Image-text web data

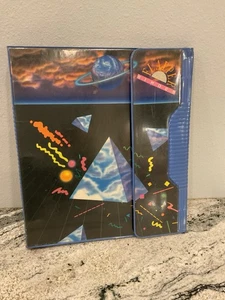 Vintage 80s Flapper Binder Planet Pyramid Graphics Mead 3 Ring 1989 - Picture 1 of 7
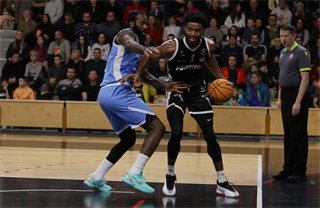17. kolo TIPOS SBL: BC Prievidza : Slovan Bratislava 67:77 (Ladislav Szibilla)
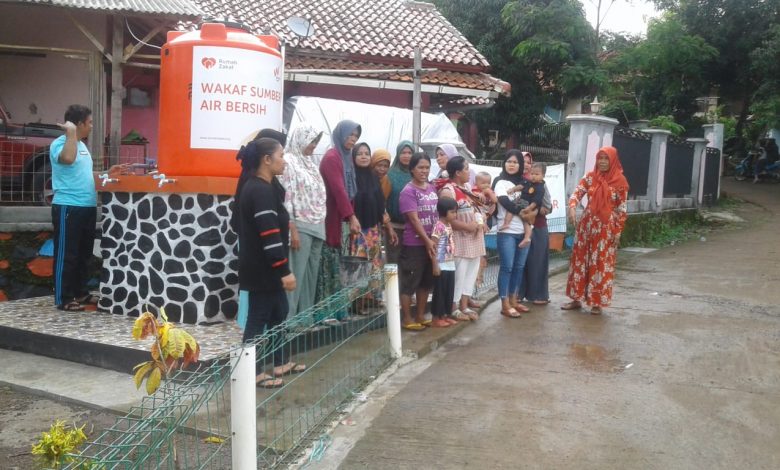 Warga Kampung Ciduging Desa Tarunajaya Kecamatan Darmaraja menyambut baik Wakaf Sumber Air dari Rumah Zakat. (foto: dok/Rumah Zakat)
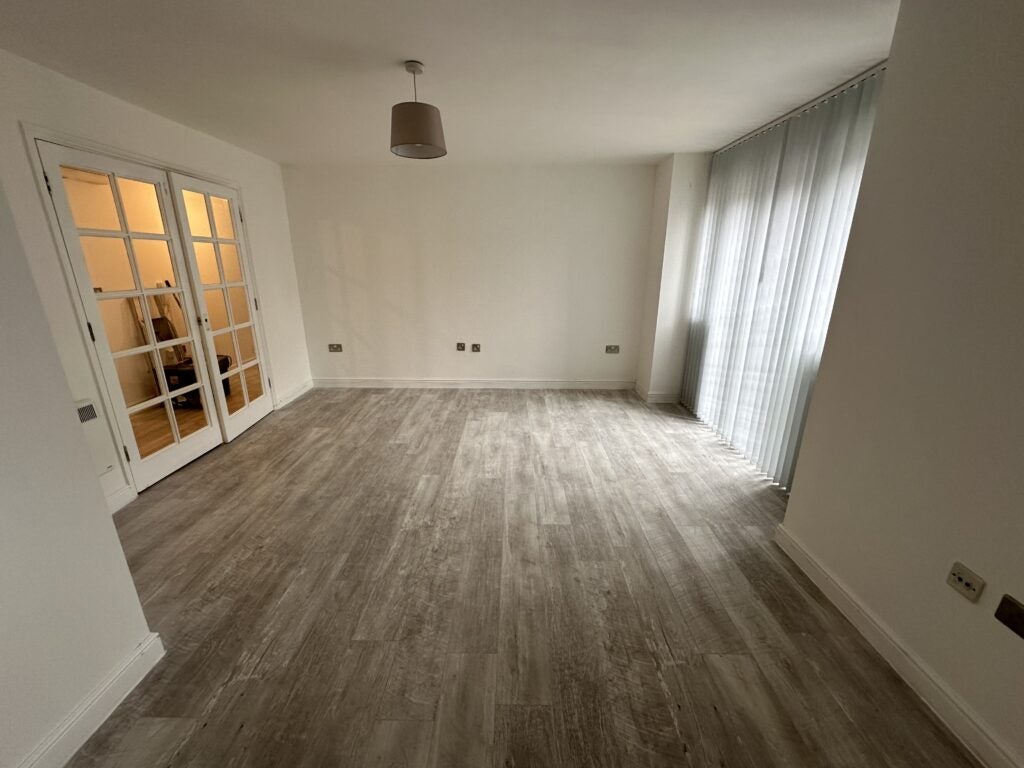 Flat Rookes Crescent in Chelmsford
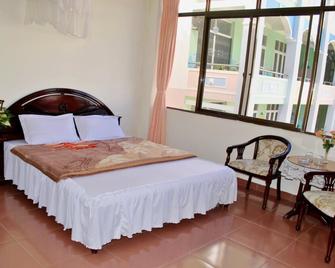 Duy Phuong Hotel - Dalat - Soveværelse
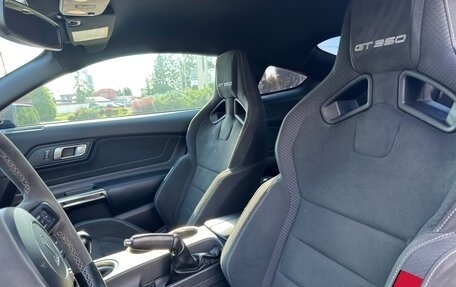 Ford Mustang VI рестайлинг, 2018 год, 11 000 000 рублей, 6 фотография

What the task requires: Reproduce the data above in full, exactly as it is, with the pictures left out.

Completed exercise:
 Vintage 80s Flapper Binder Planet Pyramid Graphics Mead 3 Ring 1989 - Picture 1 of 7
17. kolo TIPOS SBL: BC Prievidza : Slovan Bratislava 67:77 (Ladislav Szibilla)
 Warga Kampung Ciduging Desa Tarunajaya Kecamatan Darmaraja menyambut baik Wakaf Sumber Air dari Rumah Zakat. (foto: dok/Rumah Zakat)
 Flat Rookes Crescent in Chelmsford
 Duy Phuong Hotel - Dalat - Soveværelse
 Ford Mustang VI рестайлинг, 2018 год, 11 000 000 рублей, 6 фотография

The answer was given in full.